6 thoughts on “Really we do have choices”
We ALWAYS have an initial choice. The problems come in when we try to “choose” not to suffer the consequences of said choices.
The scary part of poverty is that without money the consequences of poor choices become either exaggerated or more extreme. You get yourself in trouble and don’t have the resources or contacts to get yourself out.
Conversly those with money tend to think themselves smarter or better than the poor, when reality is they simply have the connections and resources to bail them out of stupid decisions.
We all make bad choices but the price to pay is not always as equal.
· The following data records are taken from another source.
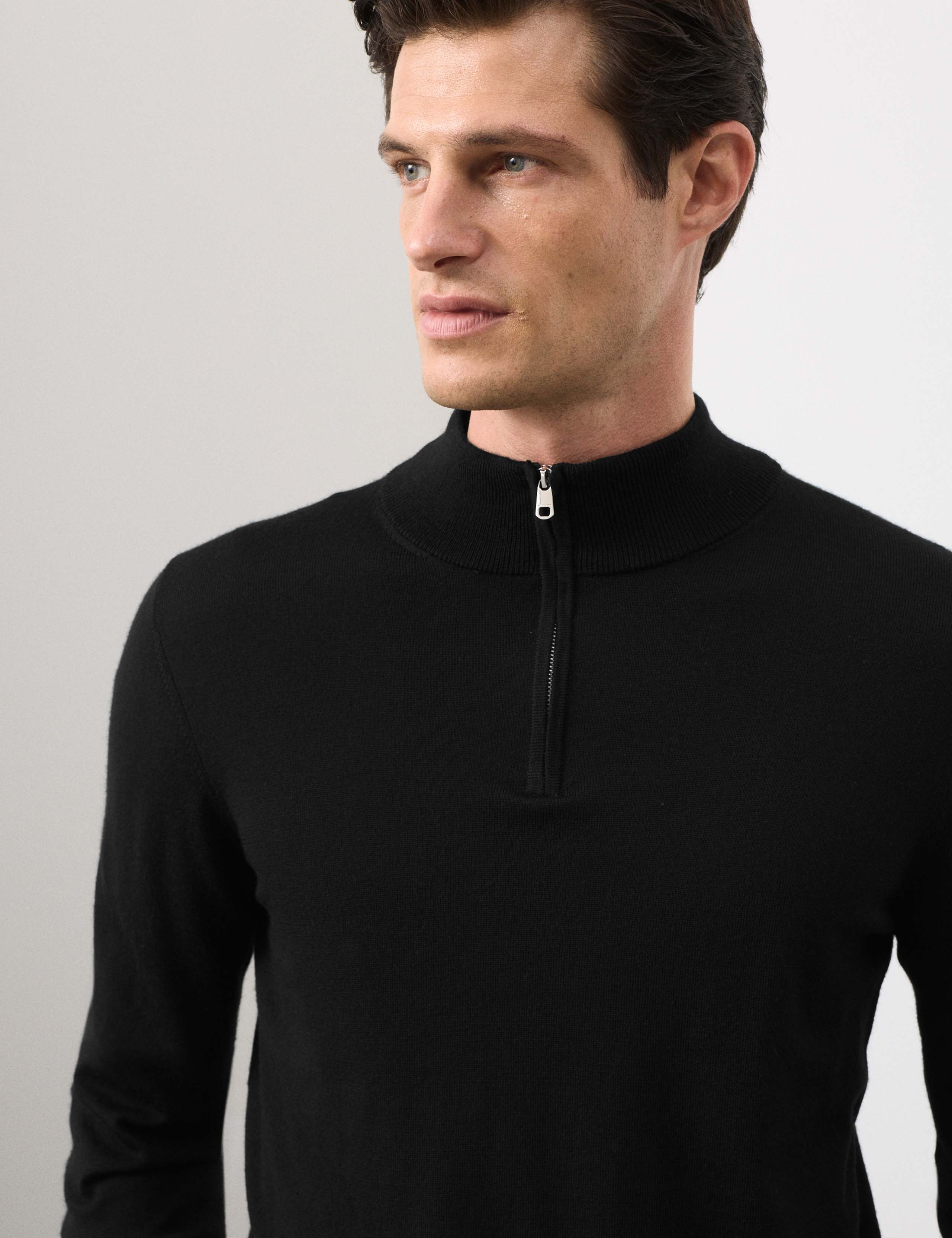 Pure Extra Fine Merino Wool Half Zip Jumper 1 of 6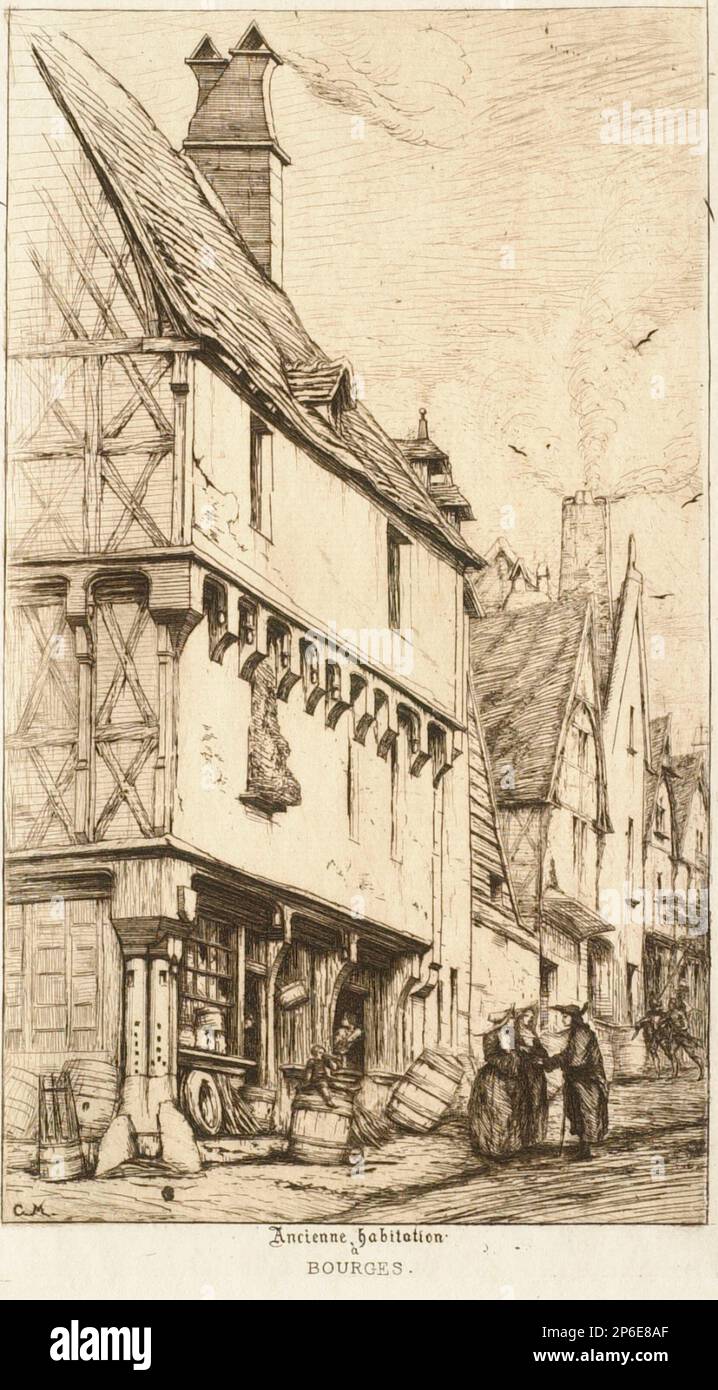 Charles Meryon, La Maison du Musicien (Ancienne Habitation à Bourges), 1860, Ätzen auf Papier. Stockfoto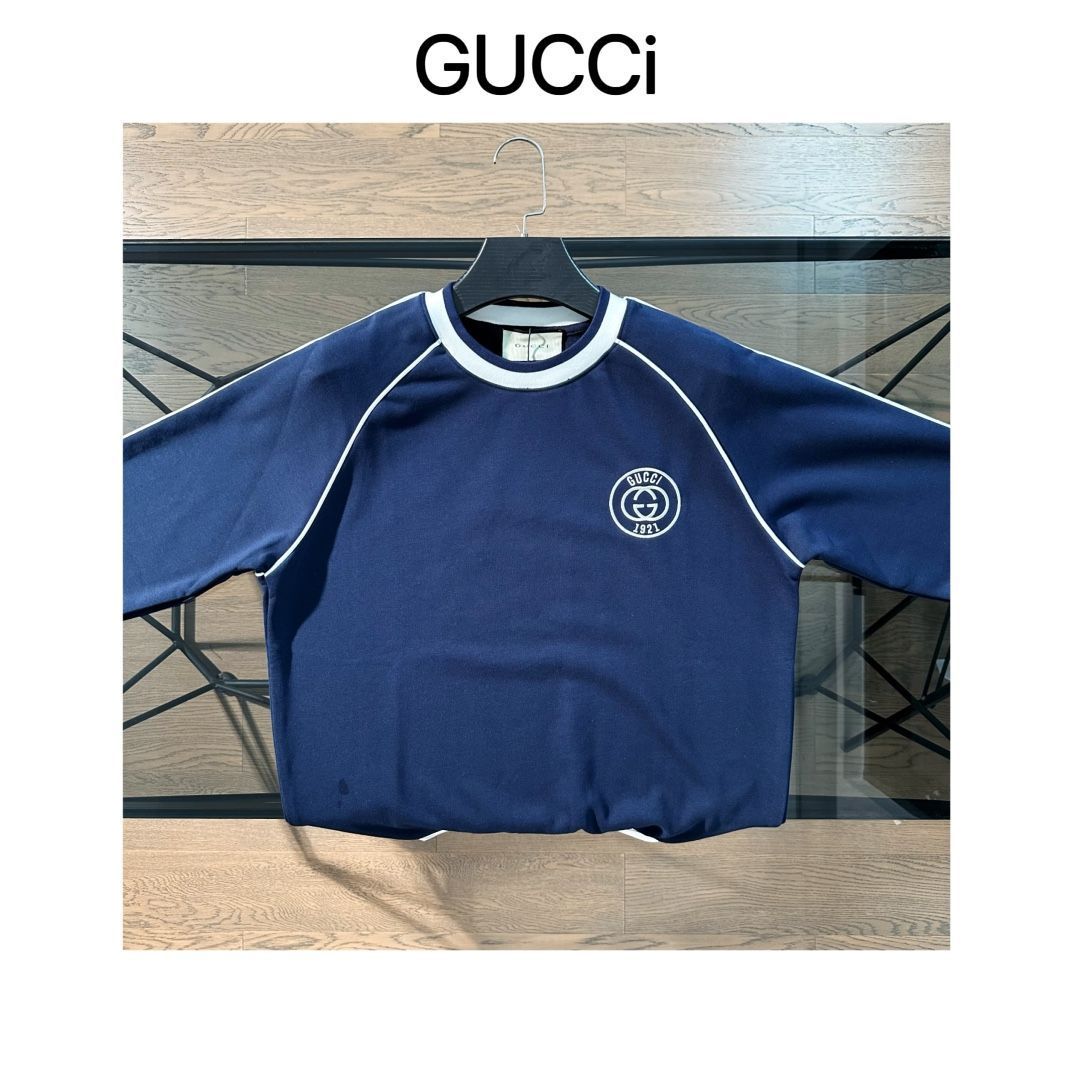 グッチ（GUCCI） 秋の新モデル アルファベット刺繍ロゴの丸首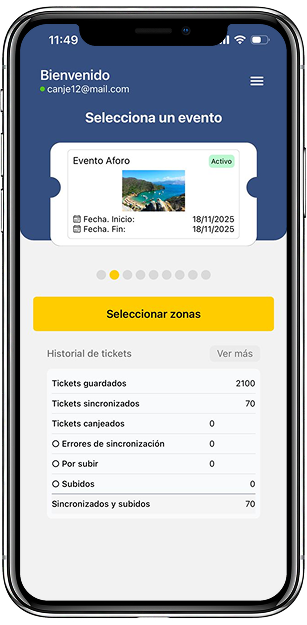 Event selection with history and synced ticket counters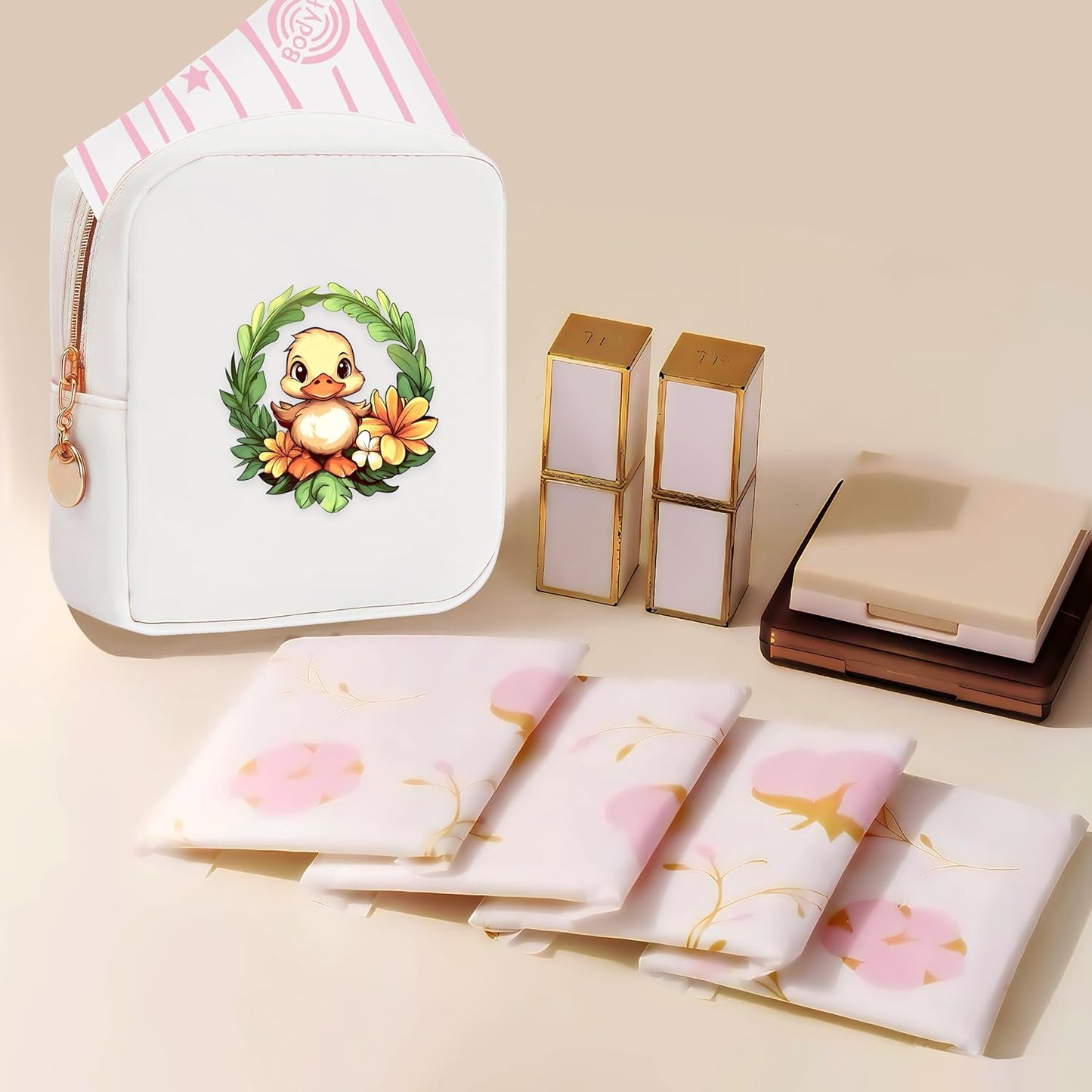 Duck Mini Makeup Bag, Duck Gift For Women Girls, Cute Portable Zipper Pouch Cosmetic Bag For Teen Girls Kids, Small Storage Bag For Sanitary Pad, Period napkin bag!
Great post. Great points! Somebody was trying to tug at my heart strings the other day about young Black men getting long jail sentences. And I kept trying to explain to them that it is very unfortunate, yes…BUT this world isn’t fair to begin with, and on top of that you decide to commit a violent crime, sell drugs, rob a convenient store, etc. You might as well sell yourself on Ebay. Seems like everybody wants to be rewarded for bad choices nowadays. Especially Wall Street, Auto Industry, Banks, etc. Now that’s a hell of a welfare check!
Revy Rev, I do agree that perhaps I could have included the Wall Street folks and others since clearly they too made poor choices. Choices that sadly impact many others and now we must all to some degree live with their choice to seek greed above all.
Get Togetha, I am finding that older I get its easier to be truthful with myself and recognize my own poor choices. Heck, I will be the first to say I could do some things differently.
Chi-chi, thanks sis. :^)
Wow . . .this is just what I was meditating on this morning. You’re supposed to acknowledge and give thanks that you actually have a choice to do something different (even as simple as changing your thoughts) instead of whining about the bad parts of your life that are a direct result of the same bad decision making you’re making the choice not to change. Excellent post and I feel you about the “excuse making” family members and most *definitely* about any future baby having. Sheesh.
I don’t know BGIM, evidently we must add Wall St., Fortune 500, Big Three, Banks, etc. to the definition of what it means to be poor. Certainly their choices have also contributed to their present state and need for chastisement along with the socio-economic or ghetto poor.
I feel your post. Personal responsibility scares the crap out of folks who are used to blaming forces outside of themselves for the conditions in their lives. I have bitched and whined when I didn’t want to look in the mirror but I know better and I think that’s a sign of emotional maturity.
When you’re emotionally mature you know that you are the only one who can help yourself get your “ack” togetha.